Bursanasional.com – Rembang || Upaya Pemerintah Kabupaten Rembang dalam memperkuat perlindungan terhadap perempuan dan anak terus diperkuat. Hal itu ditandai dengan diresmikannya Kantor Unit Pelaksana Teknis Perlindungan Perempuan dan Anak (UPT PPA) yang berlokasi di Jalan Slamet Riyadi Nomor 5, Desa Ketanggi, Kecamatan Rembang, pada Rabu (24/12/2025).

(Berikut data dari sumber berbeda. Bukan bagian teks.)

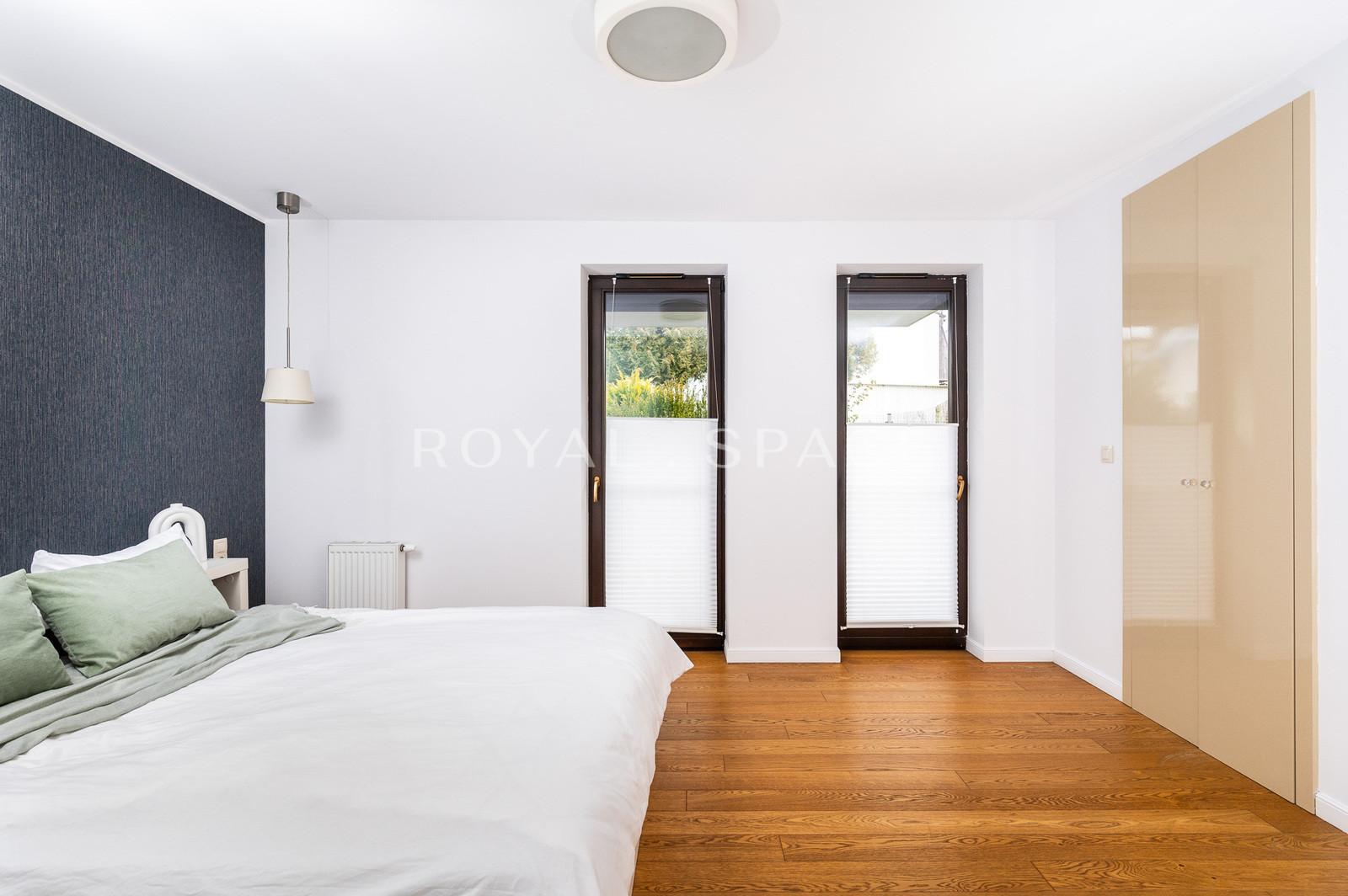 Comfortable 2-room apartment with walk-in closet!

Kehadiran UPT PPA menjadi wujud nyata komitmen pemerintah daerah dalam menghadirkan layanan terpadu bagi korban kekerasan, sekaligus menjawab kebutuhan masyarakat akan akses pengaduan, pendampingan, dan pemulihan yang aman serta profesional.
Kepala Dinas Sosial, Pemberdayaan Perempuan dan Keluarga Berencana (Dinsos PPKB) Kabupaten Rembang, Prapto Raharjo, menjelaskan bahwa UPT PPA telah siap beroperasi secara penuh. Kesiapan tersebut meliputi kelengkapan sarana prasarana hingga sumber daya manusia yang kompeten di bidangnya.
“UPT PPA didukung oleh tim lintas profesi, mulai dari kepala UPT, tenaga administrasi, psikolog, analis hukum, pekerja sosial, petugas keamanan, hingga pengemudi. Ini menjadi modal penting untuk memberikan layanan yang menyeluruh kepada korban,” ungkap Prapto.
Ia menyampaikan, UPT PPA Kabupaten Rembang menyediakan 11 jenis layanan sesuai dengan amanat Undang-Undang Tindak Pidana Kekerasan Seksual (UU TPKS). Layanan tersebut mencakup penerimaan pengaduan, pemberian informasi hak-hak korban, fasilitasi layanan kesehatan dan psikologis, pendampingan hukum, hingga pemantauan proses pemenuhan hak korban oleh aparat penegak hukum.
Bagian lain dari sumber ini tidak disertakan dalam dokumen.